Blackstone has held onto Hilton for longer than observers expected it to and possibly longer than it thought it would when it agreed the 2007 deal. The deal was the last large transaction in the sector to make it through the gate before the downturn took hold and Blackstone were widely criticised for paying so high a price.
However, earlier this year it was reported that the Hilton estate had turned profitable for Blackstone, around the same time that rumours surfaced that the group was preparing to make its exit.
Speculation around the likely exit has seen rumours of a split along geographical or brand lines, but it is thought that Blackstone is planning for a floatation in New York or London. With the global hotel development market continuing to suffer from a lack of finance, Blackstone will be eager to use its strong cash position to beat off the competition to do strategic deals such as this one.
The private equity group's second-quarter profit more than tripled on gains in the value of its buyout and real estate investments, rising to $703m. The company has seen its real estate segment continue to benefit from improving fundamentals, giving it the firepower to compete with the likes of TPG, which is thought to have come close to winning the bidding for Mint.
HA Perspective: Pinning the Doubletree badge on the Mint portfolio is a classic piece of brand stretch forced on Hilton due to the differentiated configuration of its target. It can only confuse guests about what Doubletree stands for. The same goes for the two properties switching into the Garden Inn brand.
It would have made more sense for Hilton to use Mint as an entry point into lifestyle hotels. The only problem here being that thanks to the legal spat with Starwood it is still excluded from touching this segment for another year or so.
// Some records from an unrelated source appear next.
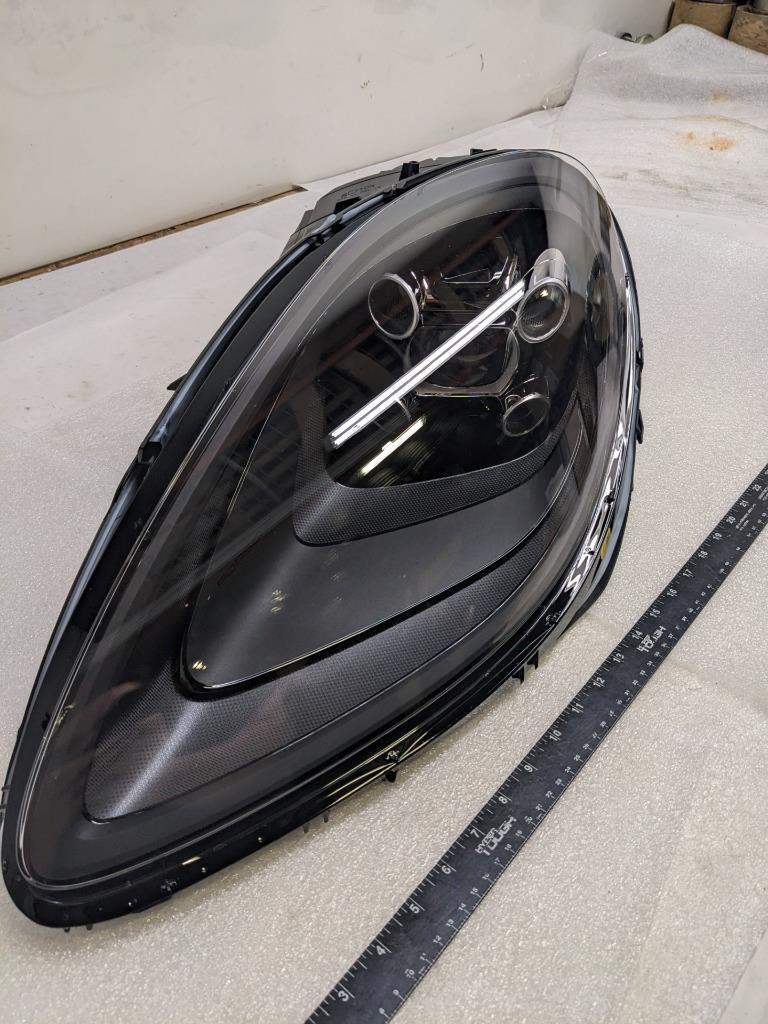 PORSCHE 95B941079AN HEADLIGHT ASSEMBLY (LEFT)  MACAN 2019-2021 NEW PGB2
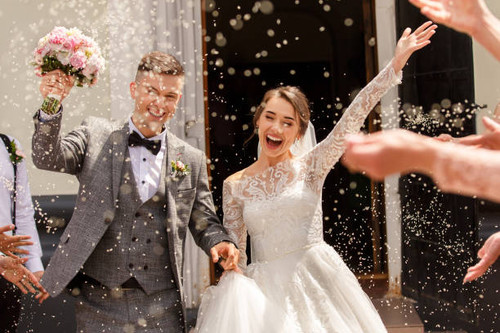 Happy wedding photography of bride and groom at wedding ceremony. Wedding tradition sprinkled with r.jpg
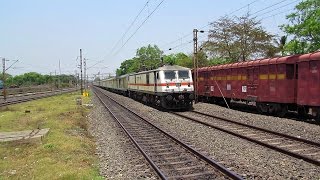 preview picture of video 'SUPER SMOOTH HWH WAP-7 12260 NEW DELHI SEALDAH DURONTO EXPRESS WHINING'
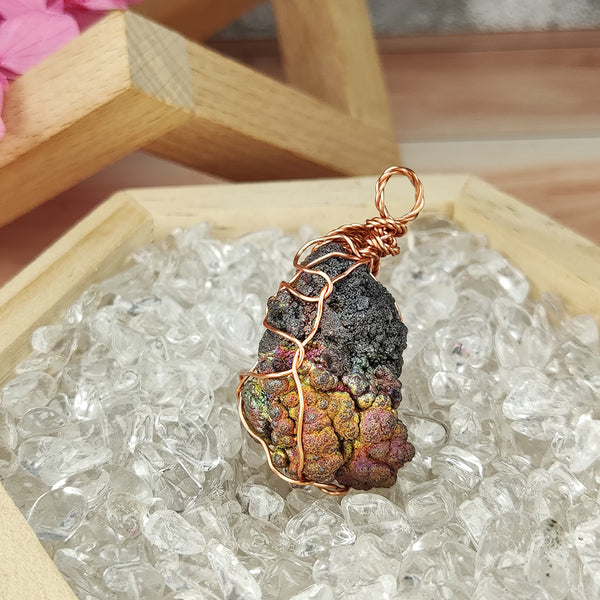 | Goethite Pendant Copper Wire Wrapped Gemstone Pendant | COLOUR: Gold, pink | 100% natural color |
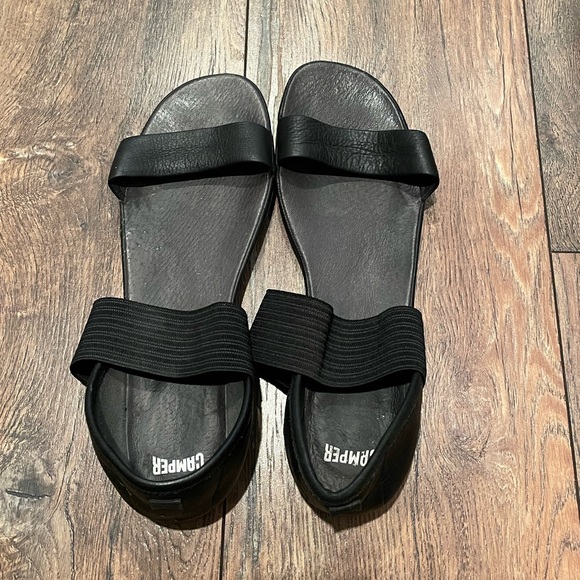 CAMPER black leather sandals size 40 - Picture 2 of 2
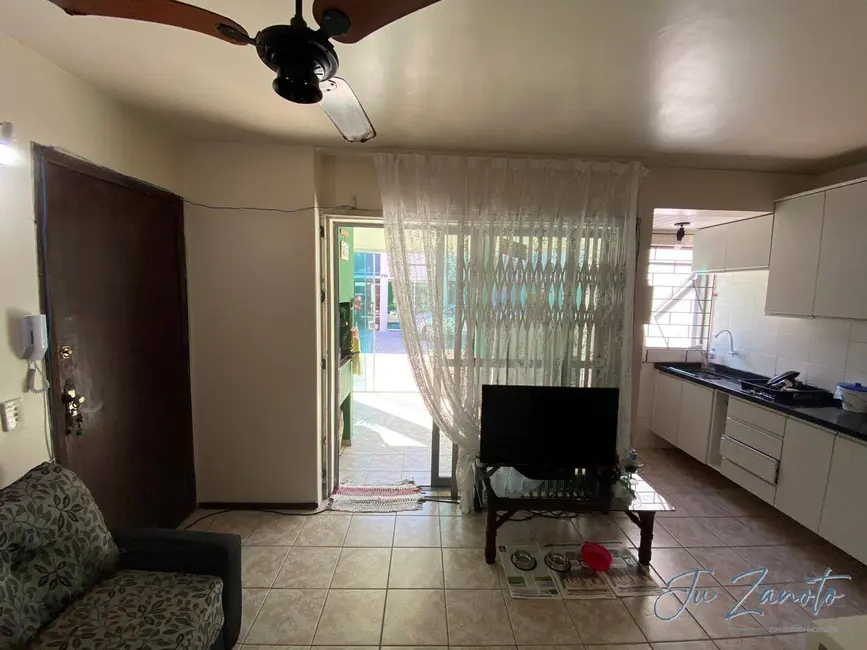 Foto 4 de Apartamento com 2 quartos à venda, 55m2 em Matinhos - PR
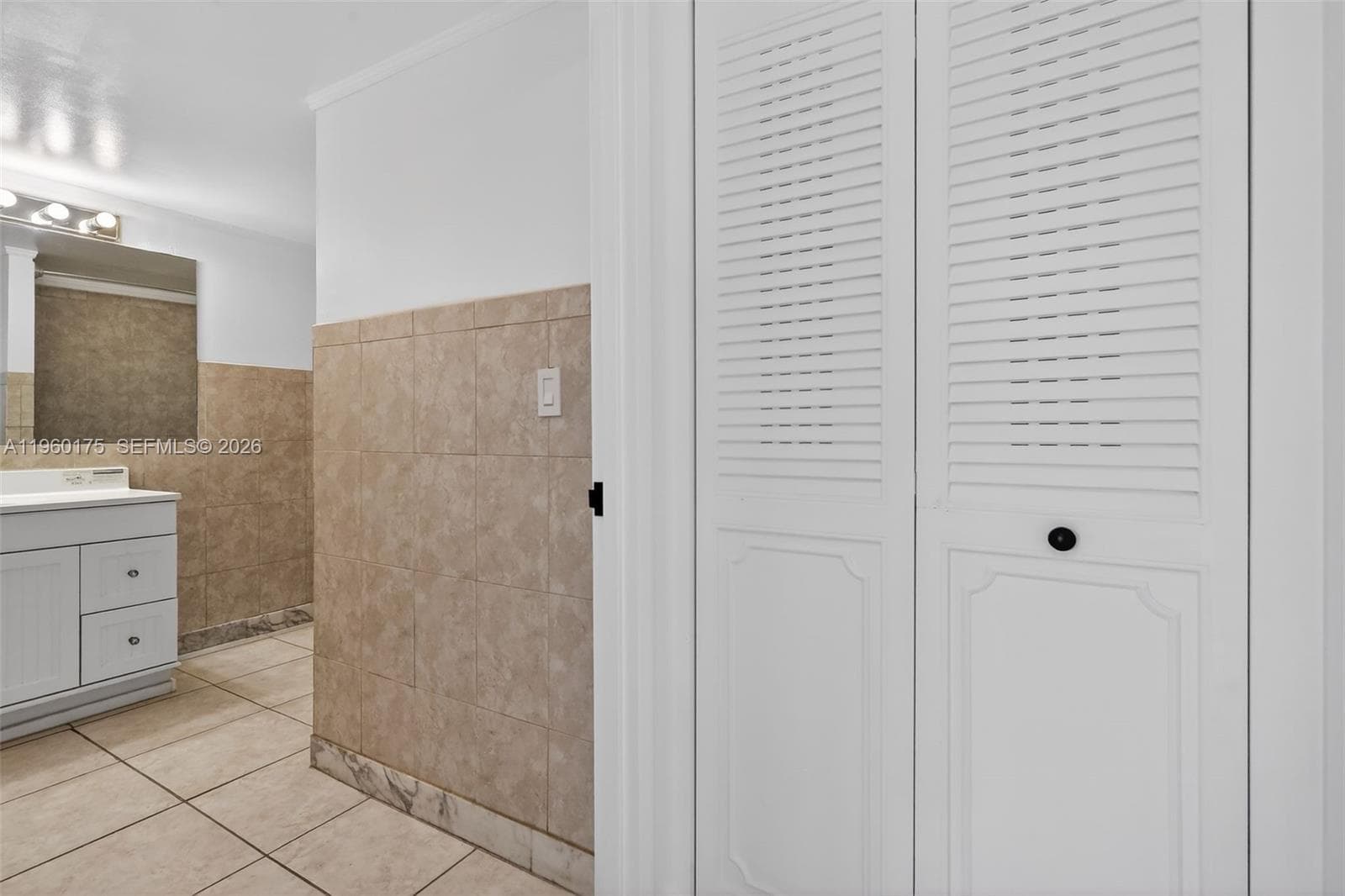 100 Golden Isles Dr 406 photo 21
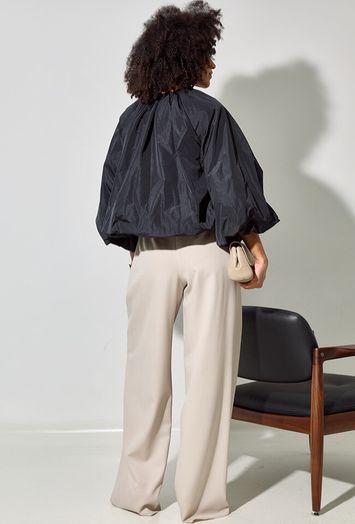 Zwarte blouse met driekwart mouwen en riem Cuddle Natan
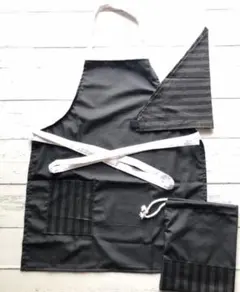 45 ハンドメイドストライプ柄エプロン三角巾巾着3点子供用黒＆グレー150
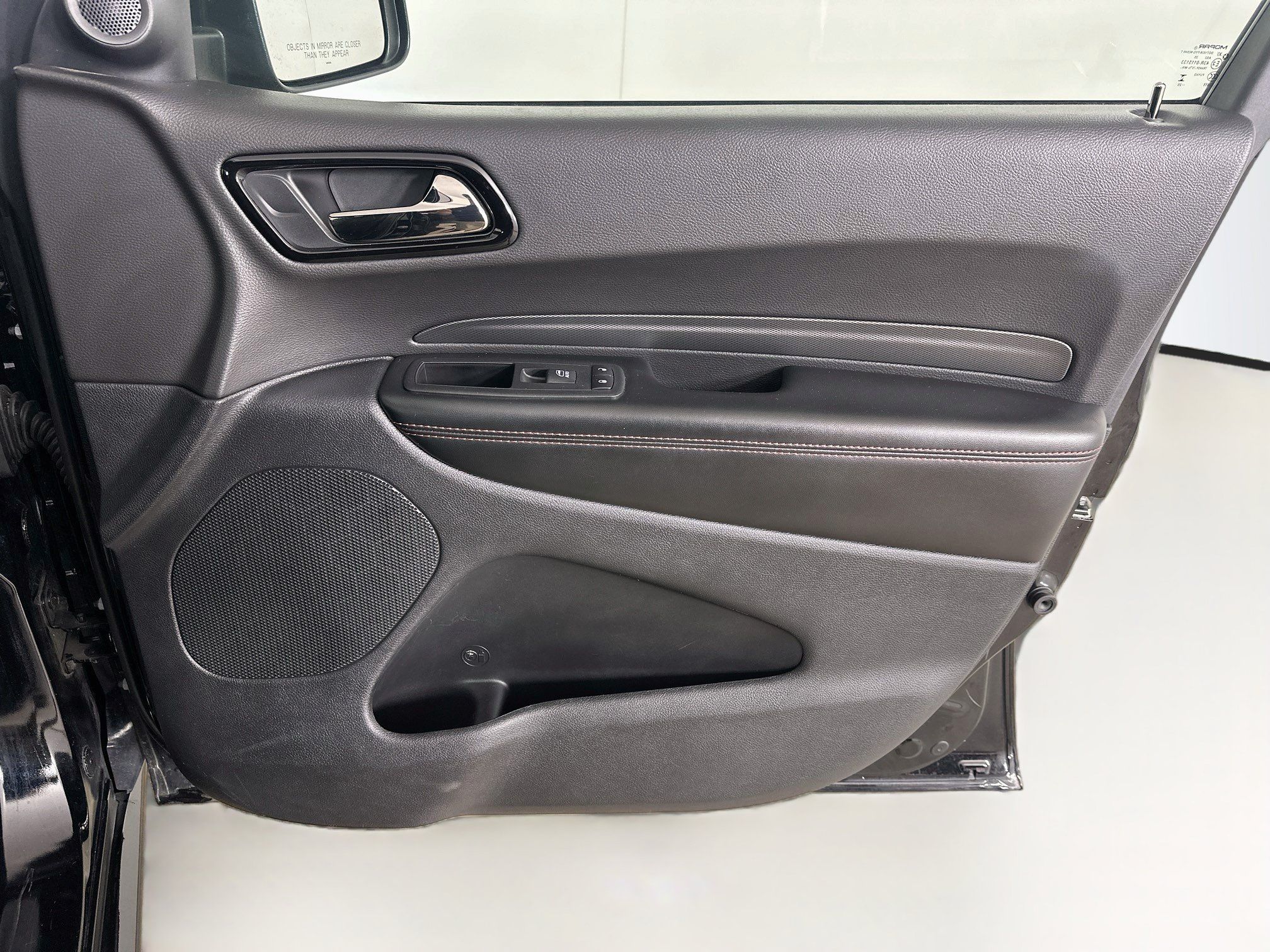 Used 2025 Dodge Durango GT RWD image 34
Perhaps the biggest question surrounds the motivation of the seller. Lloyds Banking Group, via its property investment operation Uberior Ventures, was in the driving seat here and has clearly decided it wanted to some cash to shore-up its balance sheet. Mint was performing strongly and had plenty of headroom to continue outperforming its competitive set, particularly in London, as it focused on driving up room rates to reach their full potential.
The price achieved, while undoubtedly full for the current market, could possibly have been even higher in a year or two as these room rate increases kicked in. But this does rather depend on some major potential macro-economic disasters being averted, notably a Eurozone crash and a stalled US recovery.
And given that future Mint expansion was going to expose Lloyds to significant development risk it is not surprising to see it cash out. The existing capital structure was also holding the business back: in the year to March Mint lost £24.5m and had net debt of £417m at that point.
The new senior lender, Deutsche Bank, is understood to have just £300m of exposure with mezzanine from London-listed Duet Real Estate Finance of £80m providing further support. It would take a major market meltdown to leave either out of the money.
There is considerably more risk for Blackstone but the bigger picture is clearly the increased bulk it gives Hilton ahead of its flotation. Thus this deal is more a strategic acquisition by an owner operator than a classic private equity swoop.